The Story
Why it exists.
The beginning
Bourbon Street is Hez Binkowitz's love letter to the city that raised him. A native New Orleanian, Binkowitz learned perfumery under David Falsberg at Phoenicia Perfumes before returning home to build Hez Parfums around the neighborhoods, streets, and cultural moments of the Big Easy. Bourbon Street translates one of the city's most famous thoroughfares into scent, where jazz drifts from open doorways, bourbon flows freely, and the night stretches infinite. The fragrance captures the French Quarter's contradictory soul: tourist-welcoming and mysterious, sweet and smoky, polished and raw. It's New Orleans distilled into wearability, from someone who grew up in the footsteps he's now immortalizing.

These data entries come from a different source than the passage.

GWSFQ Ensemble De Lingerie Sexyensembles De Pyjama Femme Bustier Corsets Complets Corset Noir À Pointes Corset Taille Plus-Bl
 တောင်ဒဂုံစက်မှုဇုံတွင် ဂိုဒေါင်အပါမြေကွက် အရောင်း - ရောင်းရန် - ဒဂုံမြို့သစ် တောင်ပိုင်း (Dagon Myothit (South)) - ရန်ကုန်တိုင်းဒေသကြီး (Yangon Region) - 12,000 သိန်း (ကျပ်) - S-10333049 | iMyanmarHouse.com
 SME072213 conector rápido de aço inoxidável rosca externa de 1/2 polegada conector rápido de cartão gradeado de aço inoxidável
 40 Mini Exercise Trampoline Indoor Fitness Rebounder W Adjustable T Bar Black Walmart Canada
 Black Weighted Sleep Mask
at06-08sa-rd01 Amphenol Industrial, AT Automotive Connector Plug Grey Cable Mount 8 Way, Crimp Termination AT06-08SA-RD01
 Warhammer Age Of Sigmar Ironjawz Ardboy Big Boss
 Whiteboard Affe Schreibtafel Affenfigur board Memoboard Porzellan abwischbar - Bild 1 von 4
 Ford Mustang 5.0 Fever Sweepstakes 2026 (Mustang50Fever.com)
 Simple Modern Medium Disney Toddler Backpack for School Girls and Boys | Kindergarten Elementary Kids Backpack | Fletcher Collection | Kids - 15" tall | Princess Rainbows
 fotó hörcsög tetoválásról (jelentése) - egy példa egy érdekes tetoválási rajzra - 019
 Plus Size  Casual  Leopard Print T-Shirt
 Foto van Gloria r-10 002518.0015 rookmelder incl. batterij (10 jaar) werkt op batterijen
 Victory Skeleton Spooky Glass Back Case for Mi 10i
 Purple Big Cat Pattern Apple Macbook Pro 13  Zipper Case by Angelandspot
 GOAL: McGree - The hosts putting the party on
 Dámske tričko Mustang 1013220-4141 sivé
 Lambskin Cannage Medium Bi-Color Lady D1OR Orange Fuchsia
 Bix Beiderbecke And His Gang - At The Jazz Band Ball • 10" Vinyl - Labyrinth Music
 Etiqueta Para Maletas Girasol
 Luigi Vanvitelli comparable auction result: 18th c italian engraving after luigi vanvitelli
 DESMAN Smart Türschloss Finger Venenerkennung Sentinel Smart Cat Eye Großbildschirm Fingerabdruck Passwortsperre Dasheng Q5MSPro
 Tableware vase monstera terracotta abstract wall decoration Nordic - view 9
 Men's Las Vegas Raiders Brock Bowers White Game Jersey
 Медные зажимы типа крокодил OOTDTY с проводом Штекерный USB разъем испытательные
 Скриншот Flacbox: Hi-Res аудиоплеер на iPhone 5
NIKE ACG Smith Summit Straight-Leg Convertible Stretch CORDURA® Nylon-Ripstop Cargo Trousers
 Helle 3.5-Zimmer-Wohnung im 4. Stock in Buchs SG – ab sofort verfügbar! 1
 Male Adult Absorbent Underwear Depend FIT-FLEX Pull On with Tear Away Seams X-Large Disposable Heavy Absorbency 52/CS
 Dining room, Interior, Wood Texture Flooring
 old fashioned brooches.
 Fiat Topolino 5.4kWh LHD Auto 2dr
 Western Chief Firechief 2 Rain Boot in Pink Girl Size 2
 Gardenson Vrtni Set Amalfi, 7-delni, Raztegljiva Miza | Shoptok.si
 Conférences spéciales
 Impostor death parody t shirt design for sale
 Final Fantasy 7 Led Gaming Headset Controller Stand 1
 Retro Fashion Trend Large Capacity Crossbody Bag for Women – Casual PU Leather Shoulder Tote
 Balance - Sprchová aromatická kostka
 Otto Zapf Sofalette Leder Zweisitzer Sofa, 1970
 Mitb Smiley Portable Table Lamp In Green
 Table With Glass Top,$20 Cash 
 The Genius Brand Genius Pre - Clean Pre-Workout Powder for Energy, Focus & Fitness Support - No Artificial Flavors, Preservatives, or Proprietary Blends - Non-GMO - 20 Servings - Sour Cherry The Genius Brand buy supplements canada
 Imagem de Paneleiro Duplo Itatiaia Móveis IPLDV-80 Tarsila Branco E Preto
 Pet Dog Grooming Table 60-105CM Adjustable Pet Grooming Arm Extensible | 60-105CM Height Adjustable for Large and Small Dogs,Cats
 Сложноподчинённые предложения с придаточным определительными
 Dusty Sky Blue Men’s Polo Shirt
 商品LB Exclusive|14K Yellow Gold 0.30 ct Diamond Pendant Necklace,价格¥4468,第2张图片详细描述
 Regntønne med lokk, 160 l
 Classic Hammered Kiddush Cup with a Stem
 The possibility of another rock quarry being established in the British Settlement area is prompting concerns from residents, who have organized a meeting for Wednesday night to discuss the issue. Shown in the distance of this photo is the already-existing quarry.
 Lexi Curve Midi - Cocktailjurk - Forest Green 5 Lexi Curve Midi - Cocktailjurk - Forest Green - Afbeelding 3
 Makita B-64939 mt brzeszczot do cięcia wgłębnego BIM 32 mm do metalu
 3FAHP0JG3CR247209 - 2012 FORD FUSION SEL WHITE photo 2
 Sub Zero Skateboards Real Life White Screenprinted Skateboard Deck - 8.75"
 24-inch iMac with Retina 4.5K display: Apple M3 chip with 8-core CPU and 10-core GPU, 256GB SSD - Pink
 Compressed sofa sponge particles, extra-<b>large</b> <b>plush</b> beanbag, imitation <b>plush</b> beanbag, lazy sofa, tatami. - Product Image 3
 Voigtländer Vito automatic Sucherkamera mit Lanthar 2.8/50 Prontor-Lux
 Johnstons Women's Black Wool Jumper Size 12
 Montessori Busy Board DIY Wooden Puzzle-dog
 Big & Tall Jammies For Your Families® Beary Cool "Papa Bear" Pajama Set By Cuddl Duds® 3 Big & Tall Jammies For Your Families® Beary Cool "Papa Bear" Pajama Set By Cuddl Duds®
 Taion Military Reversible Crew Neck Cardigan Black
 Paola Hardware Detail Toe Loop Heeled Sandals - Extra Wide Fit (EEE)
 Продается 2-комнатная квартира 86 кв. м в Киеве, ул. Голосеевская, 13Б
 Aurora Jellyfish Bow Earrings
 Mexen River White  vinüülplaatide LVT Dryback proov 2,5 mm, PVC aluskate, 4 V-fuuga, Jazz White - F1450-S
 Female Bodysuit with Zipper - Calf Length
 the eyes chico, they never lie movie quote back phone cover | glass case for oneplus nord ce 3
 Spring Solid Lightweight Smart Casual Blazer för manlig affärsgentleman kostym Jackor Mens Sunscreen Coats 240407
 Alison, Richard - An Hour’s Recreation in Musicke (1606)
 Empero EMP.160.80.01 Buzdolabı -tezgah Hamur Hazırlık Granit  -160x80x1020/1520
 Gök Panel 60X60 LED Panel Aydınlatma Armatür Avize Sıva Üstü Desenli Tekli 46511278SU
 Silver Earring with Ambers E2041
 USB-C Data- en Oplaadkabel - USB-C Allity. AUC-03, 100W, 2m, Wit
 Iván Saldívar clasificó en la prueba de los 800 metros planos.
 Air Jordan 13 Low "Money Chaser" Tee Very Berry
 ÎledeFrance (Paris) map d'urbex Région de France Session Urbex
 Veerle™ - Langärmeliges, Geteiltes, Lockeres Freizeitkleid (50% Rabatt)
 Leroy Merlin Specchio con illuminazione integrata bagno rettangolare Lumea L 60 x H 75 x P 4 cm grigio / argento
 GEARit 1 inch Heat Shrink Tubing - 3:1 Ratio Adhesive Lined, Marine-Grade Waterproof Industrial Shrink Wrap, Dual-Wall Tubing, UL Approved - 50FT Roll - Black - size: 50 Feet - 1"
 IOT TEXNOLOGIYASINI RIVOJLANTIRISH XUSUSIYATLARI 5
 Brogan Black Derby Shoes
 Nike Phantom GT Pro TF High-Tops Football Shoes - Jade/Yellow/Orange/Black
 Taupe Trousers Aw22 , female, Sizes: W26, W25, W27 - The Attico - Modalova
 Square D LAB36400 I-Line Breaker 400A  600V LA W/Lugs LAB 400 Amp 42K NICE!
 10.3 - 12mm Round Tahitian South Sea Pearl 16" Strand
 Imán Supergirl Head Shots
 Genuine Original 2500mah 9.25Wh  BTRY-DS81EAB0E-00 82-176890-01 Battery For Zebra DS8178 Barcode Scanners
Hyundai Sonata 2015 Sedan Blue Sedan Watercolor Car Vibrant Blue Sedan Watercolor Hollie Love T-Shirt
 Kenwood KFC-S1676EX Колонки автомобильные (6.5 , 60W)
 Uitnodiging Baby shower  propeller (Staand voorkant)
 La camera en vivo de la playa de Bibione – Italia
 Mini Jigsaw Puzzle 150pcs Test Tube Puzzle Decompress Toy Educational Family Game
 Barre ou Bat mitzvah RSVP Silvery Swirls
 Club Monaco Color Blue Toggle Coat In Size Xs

The composition pairs apple sweetness against bourbon warmth, a contrast that shouldn't work but does. Apple brings brightness and accessibility; bourbon whiskey brings depth and a boozy richness that feels genuinely intoxicating rather than artificially enhanced. The tobacco heart amplifies this duality, adding a leathery, honeyed quality that sits right between the fruity opening and the sweet drydown. Tonka bean bridges every phase, its coumarin warmth threading through from first spray to final fade. This isn't a fragrance that plays it safe. It commits to its New Orleans inspiration, unhurried, indulgent, and unafraid of sweetness.
The evolution
The opening hits crisp and fruity, apple bright against a backdrop of cinnamon spice. Within minutes, the bourbon arrives. Not synthetic whiskey accord, but something rounder, warmer, closer to the real thing. The tobacco doesn't announce itself; it settles in quietly beneath, adding weight without weight. The heart is where Bourbon Street earns its name, boozy, rich, the warmth of a glass held long into the night. As the hours pass, vanilla emerges. Soft at first, then dominant. Sandalwood and cedar arrive late, grounding the sweetness, preventing it from cloying. By hour three, you're left with warm skin, vanilla, faint cedar, the ghost of bourbon. It doesn't disappear so much as exhale. Close enough to catch, impossible to ignore.
Cultural impact
Bourbon Street occupies a specific niche in the indie fragrance landscape: New Orleans place-fragrance done without irony or nostalgia-bait. Unlike heritage houses that reference the city through a tourist's lens, Hez Parfums approaches it as native testimony. The fragrance appeals to wearers who find poetry in their own corner bars rather than global landmarks, people who understand that the best version of a place lives in small moments, not grand gestures. Community reception consistently describes it as wearable, warm, and confidently sweet, the kind of scent that draws people in rather than pushing them away.